Australian beef: Good times for industry
Australian beef

Good times for industry

Miroslaw /

NETHERLANDS, Utrecht. The future of the Australian beef industry is looking bright. Key fundamentals for a strong Australian beef industry –consisting of strong international demand, constrained global supply, a depreciating dollar and trade agreements– are falling into place.

An improvement in the weather and drought-breaking rains through many cattle-producing regions would provide that necessary relief for many producers and allow the herd rebuilding process to begin.

With a generally optimistic sentiment flowing through the industry, common topics of discussion are focused on domestic production, export markets, the live cattle trade and the future for cattle prices.

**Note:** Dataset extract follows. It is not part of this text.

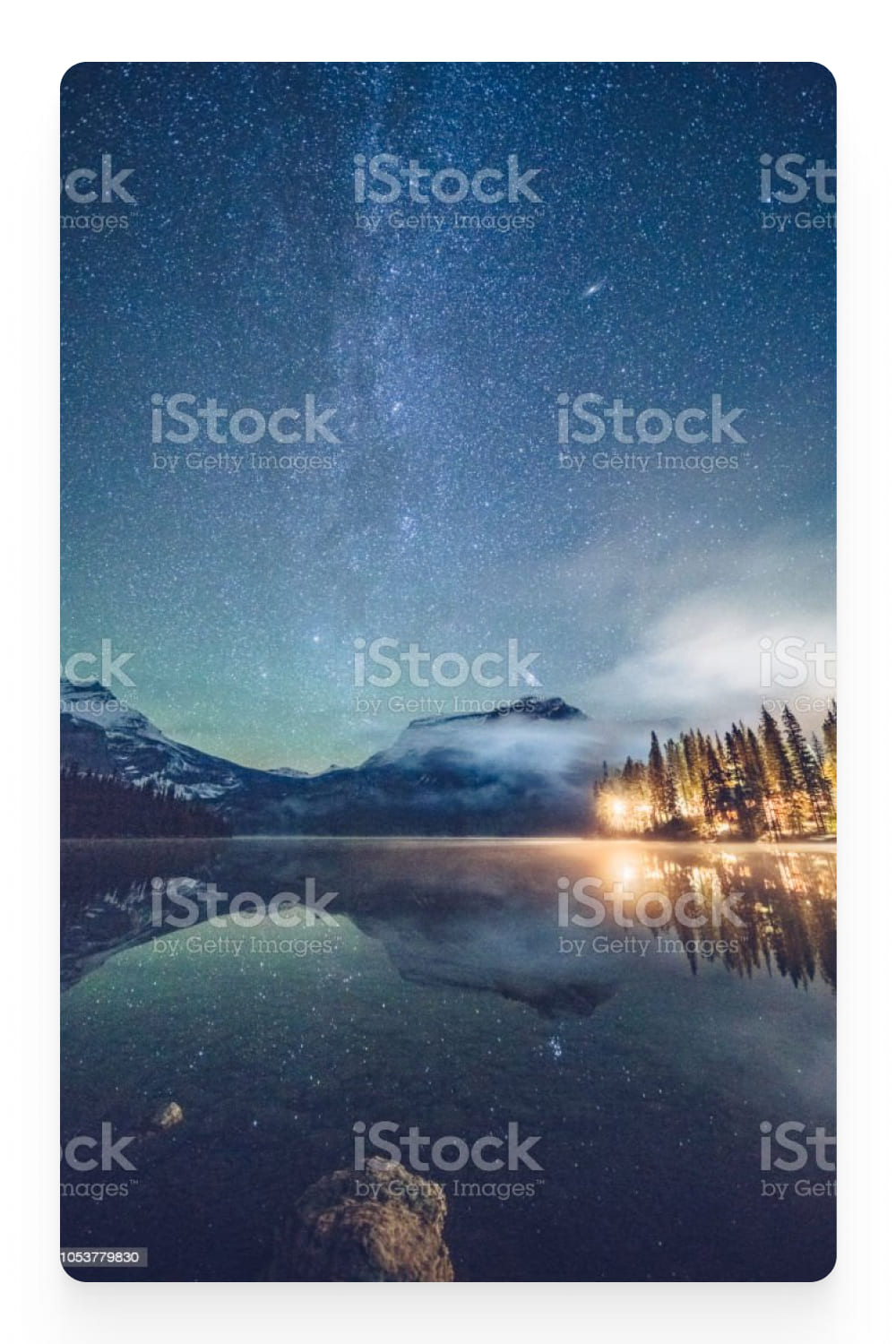 Photo of a calm lake in the mountains and a starry sky.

The Australian beef industry has long been exposed to the supply-and-demand fluctuations experienced by global drivers and local seasonal conditions. While depressed prices have been driven by short-term high domestic supply, the Australian industry is now in a position to capitalise on strong global demand, providing an opportunity to develop an industry with a premium, value-added product. This would ensure a more stable, long-term environment for the Australian beef industry.

“With strong fundamentals in place, the report looks at some of the opportunities and challenges for the Australian beef industry from a production, export and price perspective,” according to Rabobank Angus Gidley-Baird.

In detail, Australian cattle prices are expected to be 40 percent to 70 percent higher than the five-year average, which represents a range between A$5 per kilogram and A$6 per kg. cwt over the next 12 months, Meat + Poultry reports, referring to Rabobank's report. Rabobank said several factors support prices reaching these levels. Changes to country of origin labeling laws in the United States, strong demand for beef by US consumers and tightening supplies of Australian beef could lead to higher prices for Australian beef without compromising product competitiveness. Additionally, opportunities for improved demand situations through free trade agreements such as the ASEAN-Australia-New Zealand Free Trade Area offers Australia a wide range of export markets while lessening the industry’s exposure to market fluctuations. Gradual reductions in Australia exports of beef to the US will lead to transferring supplies to growing markets in China and Southeast Asian countries such as Vietnam and Cambodia.

Demand for beef is expected to continue growing in Indonesia, which will be the primary destination for Australian beef with a medium-term export volume of 700,000 to 800,000 head per year, Rabobank said in its report. However, political influences will be major headwinds for further development of trade in beef.